SSE Scalar Convert Intrinsics

I have a question about the SSE scalar convert intrinsics.

cvtsd2si is defined thusly:

  def int_x86_sse2_cvtsd2si64 : GCCBuiltin<"__builtin_ia32_cvtsd2si64">,
              Intrinsic<[llvm_i64_ty, llvm_v2f64_ty], [IntrNoMem]>;

This matches the signature of the GCC intrinsic.
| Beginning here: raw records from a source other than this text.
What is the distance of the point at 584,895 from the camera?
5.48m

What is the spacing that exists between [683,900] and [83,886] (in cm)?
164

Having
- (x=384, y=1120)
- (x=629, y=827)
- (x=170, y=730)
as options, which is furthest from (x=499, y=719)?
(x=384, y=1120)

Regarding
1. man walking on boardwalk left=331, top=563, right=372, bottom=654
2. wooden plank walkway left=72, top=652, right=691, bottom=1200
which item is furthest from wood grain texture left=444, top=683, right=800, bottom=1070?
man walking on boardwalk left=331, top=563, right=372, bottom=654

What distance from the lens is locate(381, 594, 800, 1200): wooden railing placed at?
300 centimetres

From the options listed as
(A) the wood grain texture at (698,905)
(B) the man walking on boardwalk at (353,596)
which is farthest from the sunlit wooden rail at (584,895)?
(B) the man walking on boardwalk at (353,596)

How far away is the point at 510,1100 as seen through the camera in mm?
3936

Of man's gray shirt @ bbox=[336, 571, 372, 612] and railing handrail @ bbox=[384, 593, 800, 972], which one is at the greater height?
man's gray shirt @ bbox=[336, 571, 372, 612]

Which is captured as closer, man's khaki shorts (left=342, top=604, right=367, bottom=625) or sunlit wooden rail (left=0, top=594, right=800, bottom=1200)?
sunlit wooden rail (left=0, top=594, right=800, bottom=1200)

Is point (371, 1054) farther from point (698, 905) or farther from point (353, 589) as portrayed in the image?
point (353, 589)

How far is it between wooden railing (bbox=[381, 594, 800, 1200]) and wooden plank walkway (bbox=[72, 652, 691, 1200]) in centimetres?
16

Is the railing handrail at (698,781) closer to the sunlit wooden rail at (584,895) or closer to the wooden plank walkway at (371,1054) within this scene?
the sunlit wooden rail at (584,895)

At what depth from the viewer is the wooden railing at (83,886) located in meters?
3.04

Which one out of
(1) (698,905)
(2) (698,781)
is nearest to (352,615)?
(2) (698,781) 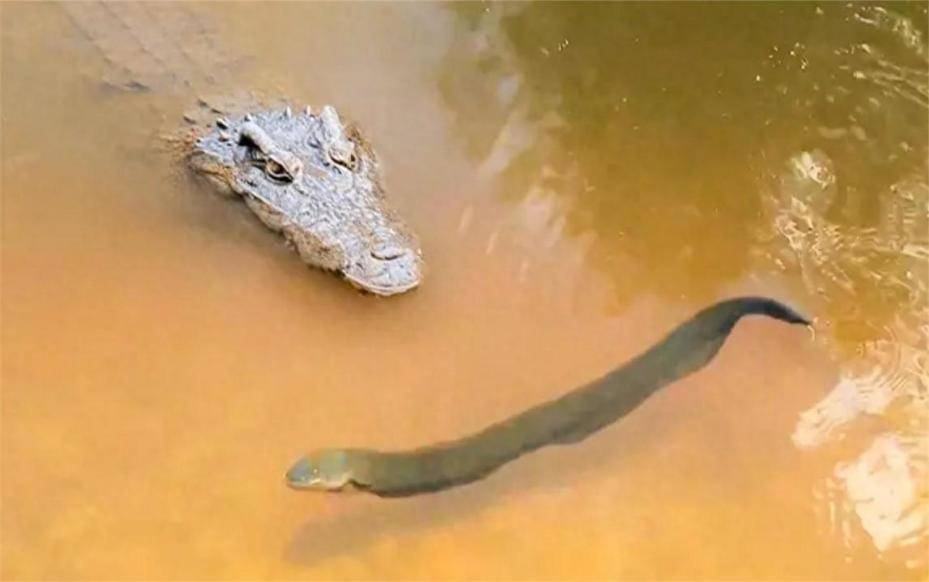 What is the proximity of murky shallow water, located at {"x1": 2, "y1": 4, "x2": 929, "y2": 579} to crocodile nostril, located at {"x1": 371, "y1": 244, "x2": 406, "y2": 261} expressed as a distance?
132mm

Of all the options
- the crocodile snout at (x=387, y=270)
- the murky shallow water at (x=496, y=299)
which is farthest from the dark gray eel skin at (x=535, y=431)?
the crocodile snout at (x=387, y=270)

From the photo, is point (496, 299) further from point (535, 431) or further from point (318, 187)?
point (318, 187)

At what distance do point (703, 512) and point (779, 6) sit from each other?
1812 millimetres

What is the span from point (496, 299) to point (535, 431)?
48 cm

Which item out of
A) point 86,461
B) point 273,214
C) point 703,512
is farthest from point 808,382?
point 86,461

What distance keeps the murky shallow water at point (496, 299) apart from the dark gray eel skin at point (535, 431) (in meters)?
0.08

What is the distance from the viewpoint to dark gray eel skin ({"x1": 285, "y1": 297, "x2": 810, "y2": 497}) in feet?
7.75

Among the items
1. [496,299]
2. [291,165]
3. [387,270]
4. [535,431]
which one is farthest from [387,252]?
[535,431]

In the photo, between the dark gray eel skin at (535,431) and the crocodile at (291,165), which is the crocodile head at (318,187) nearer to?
the crocodile at (291,165)

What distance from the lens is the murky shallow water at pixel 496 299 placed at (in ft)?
8.14

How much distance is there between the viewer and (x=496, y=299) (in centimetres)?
285

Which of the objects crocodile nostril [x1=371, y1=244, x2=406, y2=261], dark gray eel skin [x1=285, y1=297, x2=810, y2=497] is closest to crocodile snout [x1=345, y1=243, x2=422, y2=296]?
crocodile nostril [x1=371, y1=244, x2=406, y2=261]

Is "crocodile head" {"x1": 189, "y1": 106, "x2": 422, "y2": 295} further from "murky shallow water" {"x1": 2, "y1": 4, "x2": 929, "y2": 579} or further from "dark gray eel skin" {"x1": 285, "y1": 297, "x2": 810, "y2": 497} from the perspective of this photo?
"dark gray eel skin" {"x1": 285, "y1": 297, "x2": 810, "y2": 497}

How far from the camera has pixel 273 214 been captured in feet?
9.86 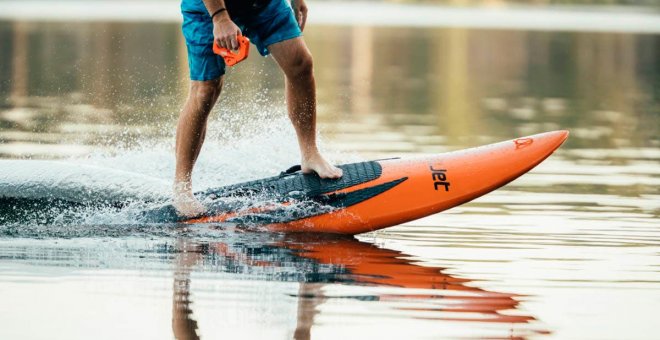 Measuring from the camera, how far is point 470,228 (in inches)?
338

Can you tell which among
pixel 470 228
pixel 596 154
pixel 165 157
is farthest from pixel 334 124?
pixel 470 228

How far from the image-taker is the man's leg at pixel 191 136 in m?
8.12

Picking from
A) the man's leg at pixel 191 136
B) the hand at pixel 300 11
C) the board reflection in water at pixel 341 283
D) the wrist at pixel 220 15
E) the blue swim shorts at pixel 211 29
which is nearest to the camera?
the board reflection in water at pixel 341 283

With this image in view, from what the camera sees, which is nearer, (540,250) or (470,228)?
(540,250)

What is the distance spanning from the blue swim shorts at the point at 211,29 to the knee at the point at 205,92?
3 centimetres

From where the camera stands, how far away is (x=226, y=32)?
25.2ft

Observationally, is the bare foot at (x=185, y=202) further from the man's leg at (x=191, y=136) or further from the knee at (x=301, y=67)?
the knee at (x=301, y=67)

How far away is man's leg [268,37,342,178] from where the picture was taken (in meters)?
8.08

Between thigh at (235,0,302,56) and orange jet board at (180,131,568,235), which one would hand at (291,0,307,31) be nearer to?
thigh at (235,0,302,56)

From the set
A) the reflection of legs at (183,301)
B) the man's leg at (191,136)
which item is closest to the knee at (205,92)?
the man's leg at (191,136)

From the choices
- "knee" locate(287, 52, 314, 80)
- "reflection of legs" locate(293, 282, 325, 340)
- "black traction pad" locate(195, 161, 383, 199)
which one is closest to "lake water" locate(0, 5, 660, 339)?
"reflection of legs" locate(293, 282, 325, 340)

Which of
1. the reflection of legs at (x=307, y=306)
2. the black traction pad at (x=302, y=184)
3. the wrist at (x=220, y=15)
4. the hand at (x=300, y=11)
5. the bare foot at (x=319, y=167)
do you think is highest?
the hand at (x=300, y=11)

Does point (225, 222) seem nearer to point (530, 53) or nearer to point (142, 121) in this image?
point (142, 121)

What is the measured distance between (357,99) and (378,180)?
36.2 ft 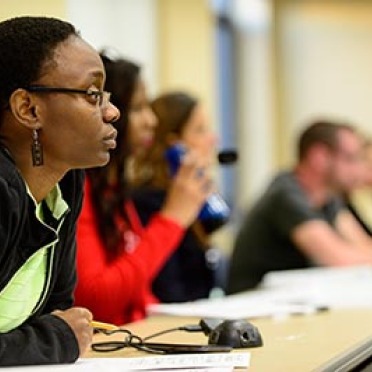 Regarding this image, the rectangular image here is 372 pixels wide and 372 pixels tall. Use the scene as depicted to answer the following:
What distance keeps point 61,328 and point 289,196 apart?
77.9 inches

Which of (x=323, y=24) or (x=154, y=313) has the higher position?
(x=323, y=24)

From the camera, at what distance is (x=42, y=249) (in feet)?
4.63

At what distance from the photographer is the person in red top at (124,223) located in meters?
2.06

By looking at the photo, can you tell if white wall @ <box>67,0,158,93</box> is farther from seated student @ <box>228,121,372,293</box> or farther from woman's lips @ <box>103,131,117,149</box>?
woman's lips @ <box>103,131,117,149</box>

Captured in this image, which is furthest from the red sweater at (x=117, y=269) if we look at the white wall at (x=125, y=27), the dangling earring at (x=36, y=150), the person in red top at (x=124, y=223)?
the white wall at (x=125, y=27)

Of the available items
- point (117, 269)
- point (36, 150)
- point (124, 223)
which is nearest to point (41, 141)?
point (36, 150)

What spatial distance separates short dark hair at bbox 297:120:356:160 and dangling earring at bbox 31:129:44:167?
232cm

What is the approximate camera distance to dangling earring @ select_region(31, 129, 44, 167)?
1.36 metres

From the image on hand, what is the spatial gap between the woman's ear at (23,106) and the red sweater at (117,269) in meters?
0.70

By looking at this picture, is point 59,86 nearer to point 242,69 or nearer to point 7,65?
point 7,65

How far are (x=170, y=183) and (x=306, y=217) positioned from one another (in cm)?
66

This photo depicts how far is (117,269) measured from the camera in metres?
2.09

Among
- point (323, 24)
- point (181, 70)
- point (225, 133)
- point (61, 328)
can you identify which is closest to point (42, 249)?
point (61, 328)

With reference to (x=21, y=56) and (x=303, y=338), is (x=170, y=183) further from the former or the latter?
(x=21, y=56) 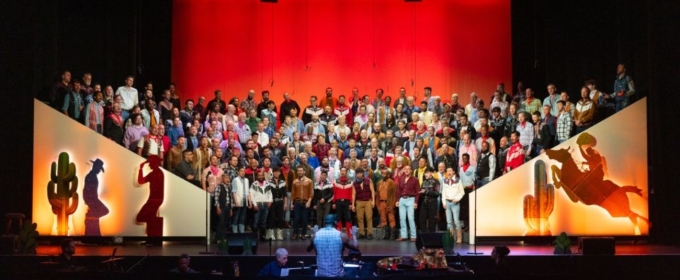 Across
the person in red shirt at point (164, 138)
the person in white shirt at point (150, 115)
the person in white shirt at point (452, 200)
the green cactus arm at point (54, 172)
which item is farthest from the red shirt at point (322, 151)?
the green cactus arm at point (54, 172)

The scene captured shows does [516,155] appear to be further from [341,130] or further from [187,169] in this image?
[187,169]

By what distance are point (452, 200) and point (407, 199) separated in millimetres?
893

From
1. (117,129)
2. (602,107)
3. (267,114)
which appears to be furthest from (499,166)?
(117,129)

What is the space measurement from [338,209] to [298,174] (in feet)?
3.23

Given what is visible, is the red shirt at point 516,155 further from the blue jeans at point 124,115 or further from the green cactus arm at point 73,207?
the green cactus arm at point 73,207

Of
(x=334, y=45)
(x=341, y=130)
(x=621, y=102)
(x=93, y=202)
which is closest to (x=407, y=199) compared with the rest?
(x=341, y=130)

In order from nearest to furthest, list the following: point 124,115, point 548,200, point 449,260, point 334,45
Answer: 1. point 449,260
2. point 548,200
3. point 124,115
4. point 334,45

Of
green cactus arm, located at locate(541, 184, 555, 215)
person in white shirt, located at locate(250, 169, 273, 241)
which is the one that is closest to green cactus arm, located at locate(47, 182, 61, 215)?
person in white shirt, located at locate(250, 169, 273, 241)

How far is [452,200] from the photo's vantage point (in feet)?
55.4

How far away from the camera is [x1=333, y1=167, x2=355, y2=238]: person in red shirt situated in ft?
57.2

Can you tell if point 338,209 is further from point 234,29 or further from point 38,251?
point 234,29

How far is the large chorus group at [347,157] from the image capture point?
17.2m

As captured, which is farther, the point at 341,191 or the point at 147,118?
the point at 147,118

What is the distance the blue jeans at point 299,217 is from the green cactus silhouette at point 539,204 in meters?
3.97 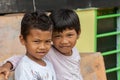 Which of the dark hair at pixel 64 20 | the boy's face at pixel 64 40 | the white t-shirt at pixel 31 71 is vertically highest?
the dark hair at pixel 64 20

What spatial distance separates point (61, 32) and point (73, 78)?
1.38 feet

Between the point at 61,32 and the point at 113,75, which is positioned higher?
the point at 61,32

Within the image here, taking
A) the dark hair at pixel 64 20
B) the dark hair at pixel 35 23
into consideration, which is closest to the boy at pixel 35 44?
the dark hair at pixel 35 23

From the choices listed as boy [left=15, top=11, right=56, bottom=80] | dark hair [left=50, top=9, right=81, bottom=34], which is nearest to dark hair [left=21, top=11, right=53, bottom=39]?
boy [left=15, top=11, right=56, bottom=80]

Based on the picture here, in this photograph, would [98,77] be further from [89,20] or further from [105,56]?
[105,56]

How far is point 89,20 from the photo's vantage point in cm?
531

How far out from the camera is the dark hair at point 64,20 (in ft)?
10.0

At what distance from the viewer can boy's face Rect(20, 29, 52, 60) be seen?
9.18 ft

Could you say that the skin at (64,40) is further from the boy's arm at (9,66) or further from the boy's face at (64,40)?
the boy's arm at (9,66)

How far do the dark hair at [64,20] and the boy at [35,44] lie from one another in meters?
0.16

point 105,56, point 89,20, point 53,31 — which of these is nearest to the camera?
point 53,31

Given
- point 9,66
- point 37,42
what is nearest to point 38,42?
point 37,42

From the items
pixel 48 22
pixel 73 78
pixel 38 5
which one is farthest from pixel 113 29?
pixel 48 22

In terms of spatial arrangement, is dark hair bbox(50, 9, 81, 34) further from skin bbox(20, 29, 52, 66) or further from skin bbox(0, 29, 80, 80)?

The fact that the GCC
intrinsic has a type mismatch on the input (vector rather than scalar)
is strange, but ok, we'll run with it.

Until this:

def Int_CVTSD2SIrm : SDI<0x2D, MRMSrcMem, (outs GR32:$dst), (ins f128mem:
$src),
                         "cvtsd2si\t{$src, $dst|$dst, $src}",
                         [(set GR32:$dst, (int_x86_sse2_cvtsd2si
                                           (load addr:$src)))]>;

Er, this makes us load a 128-bit quantity, which is almost certainly not
what we want.

Do we need two intrinsics for these scalar converts, one to satisfy the
(arguably broken) GCC interface and one to really reflect the operation
as specified by the ISA?

                                   -Dave

I have a question about the SSE scalar convert intrinsics.

cvtsd2si is defined thusly:

def int_x86_sse2_cvtsd2si64 : GCCBuiltin<"__builtin_ia32_cvtsd2si64">,
             Intrinsic<[llvm_i64_ty, llvm_v2f64_ty], [IntrNoMem]>;

This matches the signature of the GCC intrinsic. The fact that the GCC
intrinsic has a type mismatch on the input (vector rather than scalar)
is strange, but ok, we'll run with it.

Until this:

def Int_CVTSD2SIrm : SDI<0x2D, MRMSrcMem, (outs GR32:$dst), (ins f128mem:
$src),
                        "cvtsd2si\t{$src, $dst|$dst, $src}",
                        [(set GR32:$dst, (int_x86_sse2_cvtsd2si
                                          (load addr:$src)))]>;

Er, this makes us load a 128-bit quantity, which is almost certainly not
what we want.

Yes, that looks wrong, even if it ends up doing something that
ends up working.

Do we need two intrinsics for these scalar converts, one to satisfy the
(arguably broken) GCC interface and one to really reflect the operation
as specified by the ISA?

That's what's done for most other instructions, unfortunately.
For cvtsd2si, there's currently no "normal" version in the tree,
but if you add one, it wouldn't be alone.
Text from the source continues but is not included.